Information provided:
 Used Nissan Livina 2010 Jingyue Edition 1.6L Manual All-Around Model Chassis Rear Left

---

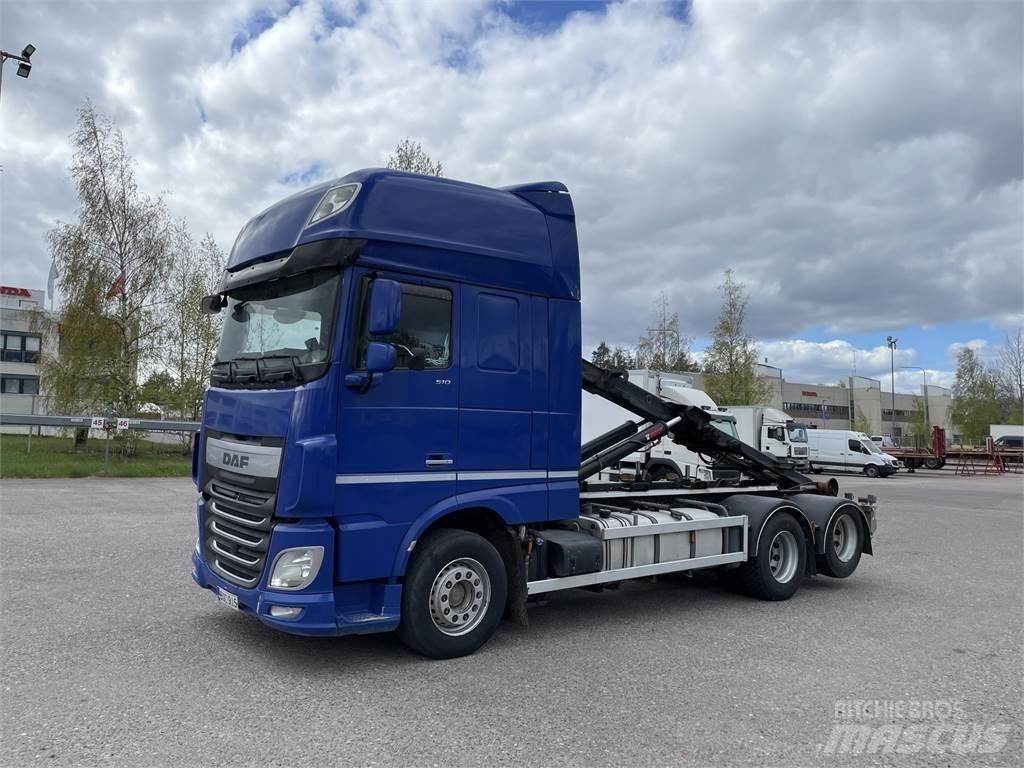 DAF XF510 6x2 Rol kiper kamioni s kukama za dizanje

--

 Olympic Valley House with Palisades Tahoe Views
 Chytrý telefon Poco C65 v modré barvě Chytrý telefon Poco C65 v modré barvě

Task directions: Return exactly, and only, the lines above starting at the line that contains "Olympic Valley House" and ending at the line that contains "Chytrý telefon Poco C65 v modré barvě Chytrý".

Answer section:
 Olympic Valley House with Palisades Tahoe Views
 Chytrý telefon Poco C65 v modré barvě Chytrý telefon Poco C65 v modré barvě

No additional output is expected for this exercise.